Gegenüber dem Jahr 2004 stieg der deutsche Kriegswaffenexport um 44,3
Prozent (von 1,13 auf 1,63 Mrd. Euro) und erreichte damit den höchsten
Wert, seitdem die Regierung offizielle Zahlen herausgibt: seit 1996. Wir
stellen fest: Mit diesem höchsten Exportwert - zumindest der vergangenen
zehn Jahre - tritt die Regierung ihren eigenen Grundsatz, "ihre
Rüstungsexportpolitik restriktiv zu gestalten", mit Füßen. Wer
regierungsseitig in diesem Zusammenhang das Wort restriktiv in den Mund
nimmt, betreibt eine bewusste Irreführung der Öffentlichkeit.
Deutschland trug in den vergangenen zehn Jahr niemals mehr zur
internationalen Waffenschwemme bei wie 2005.
Auch die Erteilung von neuen Genehmigungen für die Ausfuhr von
"Rüstungsgütern", was Kriegswaffen und Ausrüstungen wie Elektronik und
militärische Bauteile einbezieht, in sogenannte Drittländer (d.h. in
Staaten außerhalb der EU, der NATO und der NATO-gleichgestellten Länder
Australien, Japan, Liechtenstein, Neuseeland und Schweiz) erreichte den
höchsten Wert seit 1996! Mit 1,655 Mrd. Euro lag er 2005 um 53,3 Prozent
über dem Vorjahrswert. Die Gruppe der Drittländer umfasst genau 93
Staaten. Darunter auch solche, die in Spannungsgebieten liegen, wie
Chile, Bolivien und Peru, Indien und Pakistan, Israel, Jemen, Jordanien,
Katar, Kuwait, Oman, Saudi-Arabien und die Vereinigten Arabischen
Emirate, Kolumbien, Südkorea und Taiwan. Wir stellen fest, diese Exporte
dienen nicht der Entspannung in Konfliktregionen, sondern sie tragen
eher zu ihrer Verschärfung bei.
Die Praxis der Rüstungsexporte und –genehmigungen verstoßen auch noch
gegen zwei weitere zentrale Vorgaben der Rüstungsexport-Richtlinien der
Bundesregierung vom Januar 2000: Dort heißt es einmal, dass die
"Beachtung der Menschenrechte" für jede Exportentscheidung von
"hervorragender Bedeutung" ist; eine ähnliche Bestimmung enthält auch
der EU-Verhaltenskodex vom Juni 1998. Zum Zweiten verpflichtet sich die
Bundesregierung, nicht in Staaten zu liefern, die auf
Entwicklungshilfeleistungen angewiesen sind (Richtlinien Ziffer III,6).

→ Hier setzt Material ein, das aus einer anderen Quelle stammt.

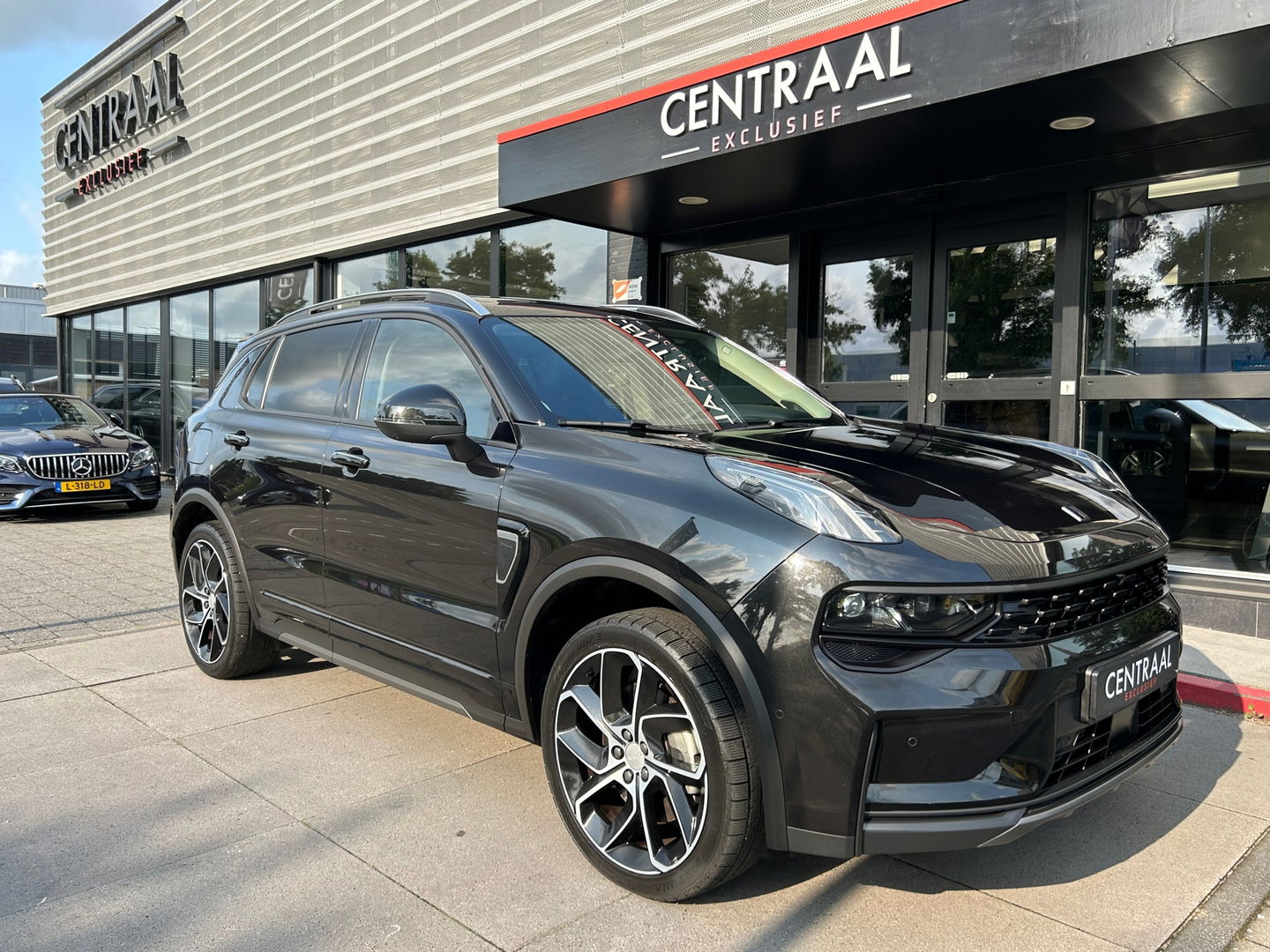 Lynk & Co 01 1.5 262PK|Pano|Infinity|BTW|360Camera|ACC|Carplay|Keyless|Stoelverwarming|NL-Auto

Das Versprechen, in solchen Fällen "grundsätzlich nicht" zu liefern,
wird durch die Genehmigungspraxis geradezu ins Gegenteil verkehrt:
Grundsätzlich wird genehmigt und geliefert und nur ausnahmsweise wird
abgelehnt. Die Zahlen belegen das: Laut Exportbericht wurden 2005
insgesamt 11.855 Einzelanträge für die Ausfuhr von Rüstungsgütern
genehmigt, lediglich 58 wurden abgelehnt.
Ganz besonders negativ sticht die Bilanz der Genehmigungen von
Kleinwaffenexporten in Drittländer ins Auge. Bekanntlich führt das
Internationale Komitee vom Roten Kreuz 95 Prozent der Getöteten heutiger
Kriege auf den Einsatz von Kleinwaffen zurück. Hatten schon die Werte
für 2003 (8,59 Mio. Euro) und 2004 (8,17 Mio. Euro) das Doppelte der
Vorjahre betragen, bescherte das Jahr 2005 noch einmal eine satte
Steigerung um 53,8 Prozent auf 12,57 Mio. Euro!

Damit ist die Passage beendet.